**Problem to work on**
For the material below, output exactly the span from the line with "face to face" to the line with "kecenderungan yang saling bertentangan, yaitu", including both, and nothing besides.

**Listed records**

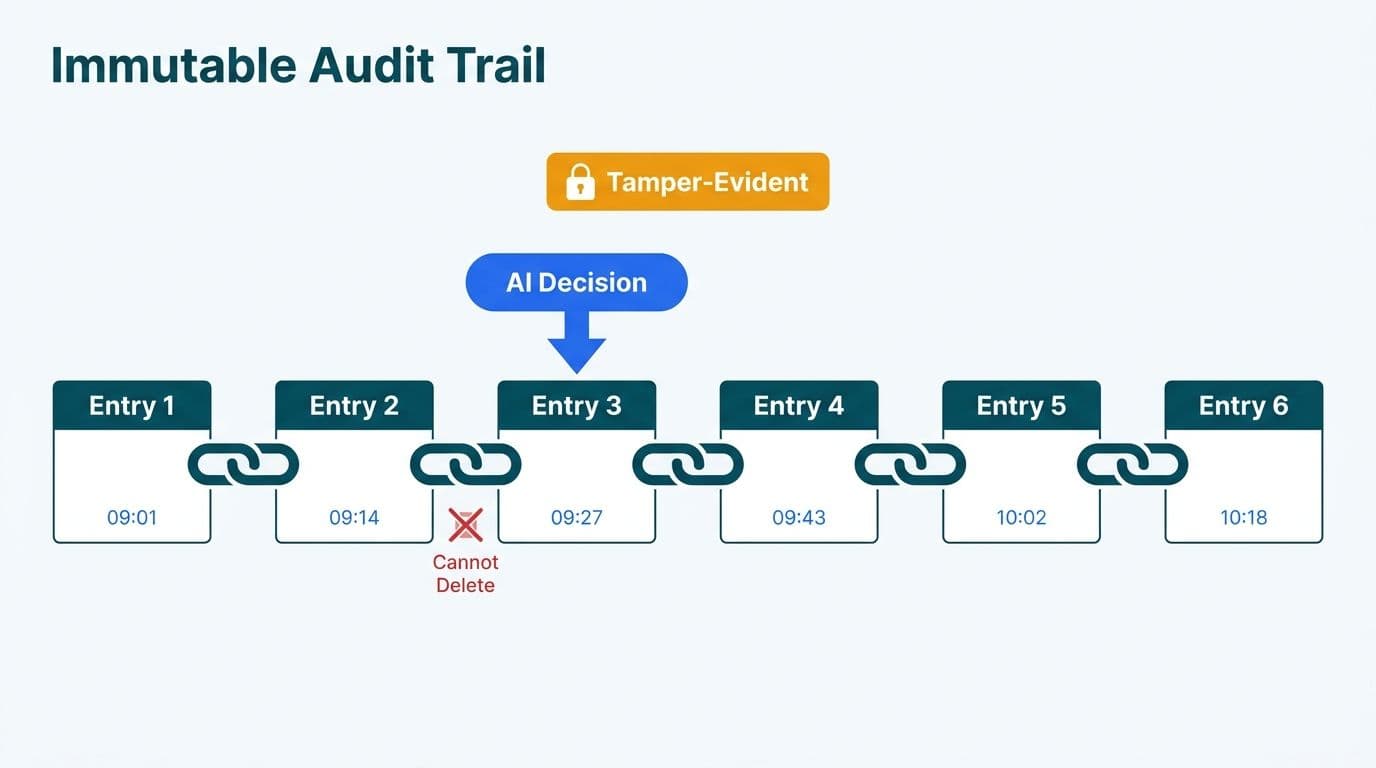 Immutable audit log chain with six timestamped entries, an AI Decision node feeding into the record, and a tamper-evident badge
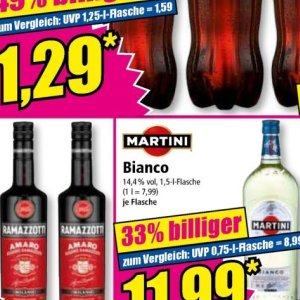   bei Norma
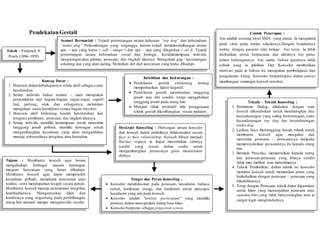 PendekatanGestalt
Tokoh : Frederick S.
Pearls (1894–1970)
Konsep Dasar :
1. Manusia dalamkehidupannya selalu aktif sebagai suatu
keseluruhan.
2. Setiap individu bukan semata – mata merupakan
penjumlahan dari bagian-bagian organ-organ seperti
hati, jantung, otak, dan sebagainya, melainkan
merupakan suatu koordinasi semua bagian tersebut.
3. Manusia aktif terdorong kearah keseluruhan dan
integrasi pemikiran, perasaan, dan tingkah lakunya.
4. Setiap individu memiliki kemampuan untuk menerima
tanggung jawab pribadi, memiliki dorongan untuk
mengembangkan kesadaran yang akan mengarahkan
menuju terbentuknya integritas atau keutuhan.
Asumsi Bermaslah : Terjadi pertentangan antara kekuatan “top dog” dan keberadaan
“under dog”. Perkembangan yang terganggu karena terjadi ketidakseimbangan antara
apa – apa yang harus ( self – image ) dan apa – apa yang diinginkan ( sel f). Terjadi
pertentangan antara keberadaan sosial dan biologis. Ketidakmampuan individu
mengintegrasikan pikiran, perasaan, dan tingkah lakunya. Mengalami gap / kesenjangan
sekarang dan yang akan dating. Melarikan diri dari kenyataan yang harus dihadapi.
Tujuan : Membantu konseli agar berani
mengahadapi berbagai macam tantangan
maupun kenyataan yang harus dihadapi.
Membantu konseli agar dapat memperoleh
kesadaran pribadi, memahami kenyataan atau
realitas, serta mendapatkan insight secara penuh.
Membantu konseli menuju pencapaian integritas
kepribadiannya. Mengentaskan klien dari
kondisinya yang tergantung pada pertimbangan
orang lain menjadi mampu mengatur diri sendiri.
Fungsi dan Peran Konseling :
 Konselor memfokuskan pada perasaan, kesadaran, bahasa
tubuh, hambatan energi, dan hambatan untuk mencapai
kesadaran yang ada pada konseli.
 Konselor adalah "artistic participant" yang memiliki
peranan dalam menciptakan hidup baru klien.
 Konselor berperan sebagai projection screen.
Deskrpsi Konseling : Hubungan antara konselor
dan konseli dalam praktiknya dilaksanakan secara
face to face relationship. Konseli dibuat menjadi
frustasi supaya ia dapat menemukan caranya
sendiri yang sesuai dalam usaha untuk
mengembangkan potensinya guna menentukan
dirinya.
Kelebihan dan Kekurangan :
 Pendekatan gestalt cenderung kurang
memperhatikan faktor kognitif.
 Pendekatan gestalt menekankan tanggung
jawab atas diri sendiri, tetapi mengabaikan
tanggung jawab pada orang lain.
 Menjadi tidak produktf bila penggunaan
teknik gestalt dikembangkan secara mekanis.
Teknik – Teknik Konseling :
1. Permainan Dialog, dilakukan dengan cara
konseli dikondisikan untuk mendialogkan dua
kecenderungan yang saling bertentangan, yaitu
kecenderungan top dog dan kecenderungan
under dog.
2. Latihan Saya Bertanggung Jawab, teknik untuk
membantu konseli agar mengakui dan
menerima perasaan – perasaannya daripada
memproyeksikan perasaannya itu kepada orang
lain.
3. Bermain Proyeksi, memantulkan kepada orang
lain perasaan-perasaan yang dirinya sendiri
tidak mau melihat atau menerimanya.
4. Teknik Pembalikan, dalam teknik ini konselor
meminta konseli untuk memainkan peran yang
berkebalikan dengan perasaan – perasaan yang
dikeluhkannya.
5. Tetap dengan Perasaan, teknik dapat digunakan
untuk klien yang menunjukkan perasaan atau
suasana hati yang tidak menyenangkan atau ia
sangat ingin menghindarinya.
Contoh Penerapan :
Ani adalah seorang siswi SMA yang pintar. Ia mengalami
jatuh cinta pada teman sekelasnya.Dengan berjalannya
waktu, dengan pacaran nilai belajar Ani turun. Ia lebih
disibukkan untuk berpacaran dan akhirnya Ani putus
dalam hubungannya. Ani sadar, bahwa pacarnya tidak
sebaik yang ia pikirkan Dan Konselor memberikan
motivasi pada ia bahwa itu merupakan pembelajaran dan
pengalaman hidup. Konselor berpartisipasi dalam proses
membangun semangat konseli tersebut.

--

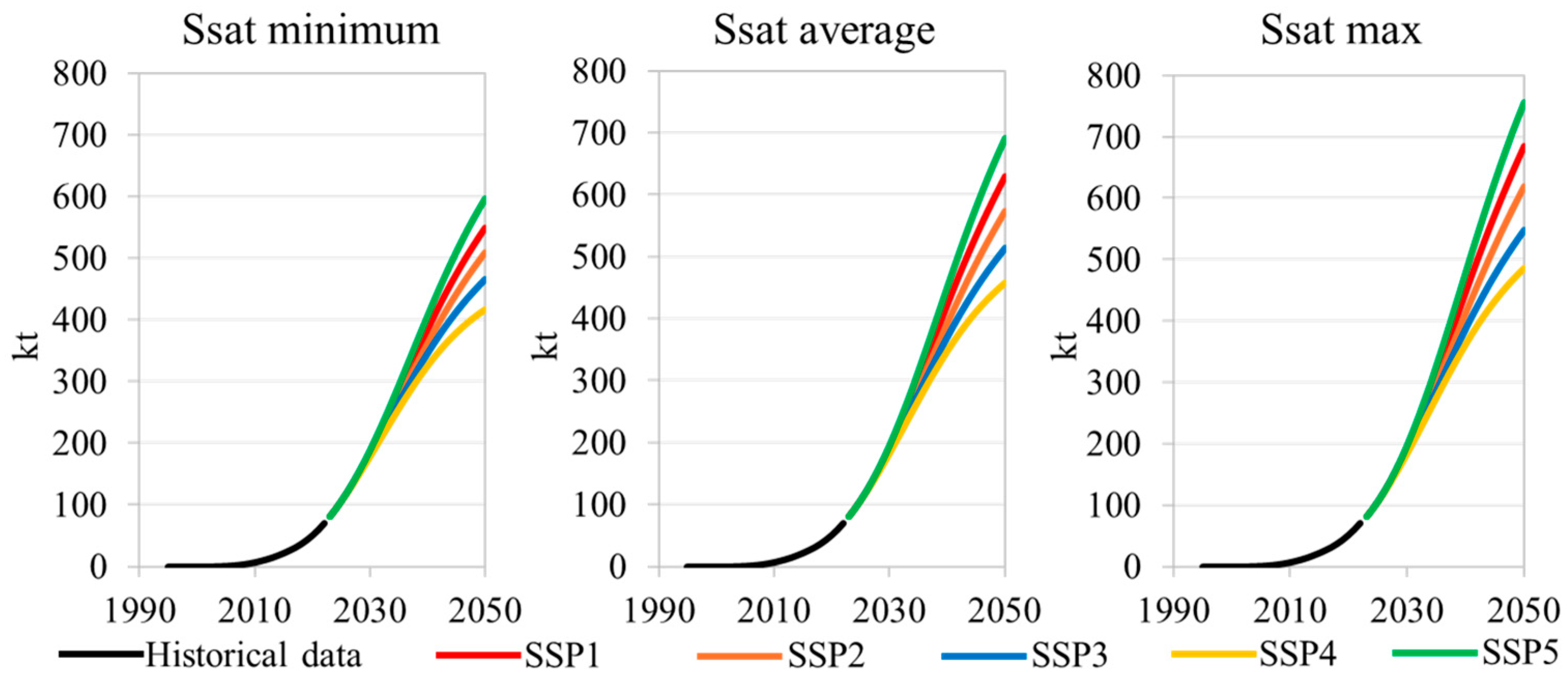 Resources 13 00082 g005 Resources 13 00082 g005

**Solution to this problem**
face to face relationship. Konseli dibuat menjadi
frustasi supaya ia dapat menemukan caranya
sendiri yang sesuai dalam usaha untuk
mengembangkan potensinya guna menentukan
dirinya.
Kelebihan dan Kekurangan :
 Pendekatan gestalt cenderung kurang
memperhatikan faktor kognitif.
 Pendekatan gestalt menekankan tanggung
jawab atas diri sendiri, tetapi mengabaikan
tanggung jawab pada orang lain.
 Menjadi tidak produktf bila penggunaan
teknik gestalt dikembangkan secara mekanis.
Teknik – Teknik Konseling :
1. Permainan Dialog, dilakukan dengan cara
konseli dikondisikan untuk mendialogkan dua
kecenderungan yang saling bertentangan, yaitu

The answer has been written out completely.